But check if there is active content, there are left/right black bars or not. There is no guarante when they mastered the DVD they payed attention to ITU specs, means crop 8px away could also be wrong.

Anyway if you have to crop away useful active content left/right, then I wouldn’t do it, when you crop no content just black bars, then you can crop, if you like.

I’m curious. When you upscale the vertical resolution from 480 → 528, what upscaling algorithm to you use?

I tend to do err on removing some horizontal signal (I.e. doing the 704->640 resize) than weakening the vertical signal, because… ML upscalers perform better on strong signals than weak. If they detect weak signals they’re unable to extract as much information compared to stronger ones. And at SD resolution, the actual signal loss going from 704->640 isn’t that bad, especially if one uses a lanczos/spline resizer as those are pretty good at choosing signal instead of noise for retention.

Personally I do the 640x480 resize then upscale with ML. The 4:3 ratio makes the target resolutions more “natural” also, which is another small boon. 1.5x: 960x720, 2x: 1280x960, 2.25x: 1440x1080.

If you have the ITU spec at hand, does it say anything about why they propose stretching the vertical dimension?

Often I use Spline Value 2 or 4, the result is sharper than using Lanczos and some models specially Starlight is better having a little bit harder footage. Yes stretch does weaken but heavy reconstruction models compensates. I can’t say for sure this method is the best, I just can observe and and my experience here is do never lower source resolution because it’s always a loss

Yes but I don’t have 2.25x Starlight. I do 2x SLM then again 2xSLM on I go the final resolution into hybrid with scale and doing other things like dehalo and add grain.

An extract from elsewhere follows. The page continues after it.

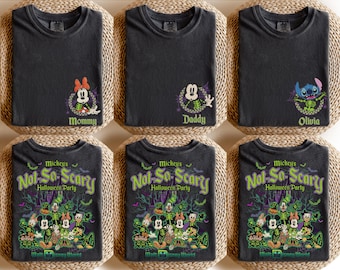 Custom Comfort Colors Mickey's Not So Scary Halloween Party 2026 Shirt, Disney World Halloween Shirt, Halloween Disney Family Shirt
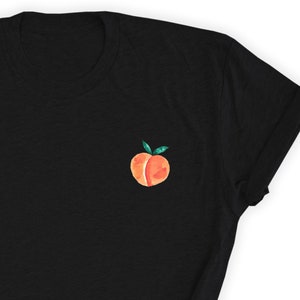 Peach Shirt, Cute Peach Design T-Shirt, Peach Tee Shirt, Peach Icon Gift Shirt, Peach Tee, Gift Peaches Friends UNISEX Shirt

I refered to “IanTopaz” post he wrote he has 480p, 704x528 or 720x540 is also 4:3. With 540p you hit exactly 2160p when doing 4x or dual (x2 x2) upscale. PAL is 720 x 576, I do here 768x576 when it’s made for 4:3

EDIT:
I just made a mistake. Neither downscaling to 640 horizontally nor stretching to 540 vertically is ideal here, there is something better. User “IanTopaz” wrote that he has 720x480 DV Source → do not scale this when its made for 4:3 play

Upscale 720x480 directly with Topaz, for example 3x gives you 2160x1440, and then compress upscaled one from 2160x1440 to 1920x1440 :wink: This step is not a loss, but rather a gain when you have to get to 4:3, you deliver your upscale model the full native pixels.